Ao traçar um paralelo entre a questão social e os avanços políticos, o racismo afeta com mais intensidade a mulher negra, causando prejuízos à sua situação social. Diante disso, destaca-se a importância das normas de caráter protetivo no âmbito jurídico, como a criminalização do racismo e sua previsão constitucional, considerando a informação de que racismo é crime e, nos termos da Constituição Federal de 1988, é inafiançável e imprescritível, o que possibilita a modificação da postura discriminatória. No entanto, isso não significa o seu extermínio, embora restrinja certos comportamentos preconceituosos ou discriminatórios.
Neste sentido, observa Alda Facio (1994 apud PIOVESAN, 2009), que embora os homens sofram discriminações, nenhum homem sofre por pertencer ao sexo masculino, ao contrário das mulheres que sofrem discriminações por pertencer ao sexo feminino. Isto é, essa soma-se à discriminação por classe, etnia ou orientação sexual. Nesta abordagem, a mulher enquanto mulher é submetida a tratamentos diferentes em relação ao homem pelo simples fato de pertencer ao sexo feminino e, como consequência, percebe-se uma predominância no meio social da discriminação em relação à classe, raça e gênero.
No campo sociojurídico, com a promulgação da Constituição Federal de 1988, ocorreram mudanças significativas no regime do governo, pois houve a ruptura do regime ditatorial, o que constitui o marco jurídico da transição democrática e da institucionalização dos direitos humanos no Brasil, bem como a ruptura da ideologia patriarcal. Conforme explica Hermann (2008), acerca do fundamento do patriarcado, neste ocorre a dominação do mais forte sobre o mais fraco, afetando a edificação da estrutura politica hierarquizada, pela discriminação com base no gênero, na raça, na situação de classe, e outros preconceitos como mecanismos vivos de exclusão, cujos resquícios surtem efeito até os dias atuais, implicando em marginalização de mulheres, negros e pobres.

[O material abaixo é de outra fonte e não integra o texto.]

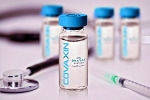 UP government, UP government, bharat biotech to begin phase 3 trials of covaxin in up from october, Nasal vaccine for covid 19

Ademais, entende-se que a ideologia do sistema patriarcal foi substituída por um sistema que adota como princípios a liberdade, a igualdade, a dignidade entre outros. Contudo, ainda existem resquícios dessa ideologia, sendo visível sua influência na sociedade atual, permanecendo viva em certos círculos onde a mulher ocupa uma posição de inferioridade em relação ao homem, sendo considerada como propriedade, objeto sexual, reprodutora da espécie humana, ou seja, coisificada em razão do gênero.
Neste sentido, Bianchini (2019), aborda o fato de que o papel de submissão feminino configura-se em processo de coisificação, no qual há a afronta à dignidade da pessoa humana, tendo em vista que decorre de condições concretas em que a mulher se encontra submetida por conta do papel que lhe é atribuído socialmente. Desta forma, é notória a impossibilidade de justiça no sistema patriarcal, na medida em que a violência contra a mulher se torna normal frente às atrocidades admitidas por esse sistema violento e desumano.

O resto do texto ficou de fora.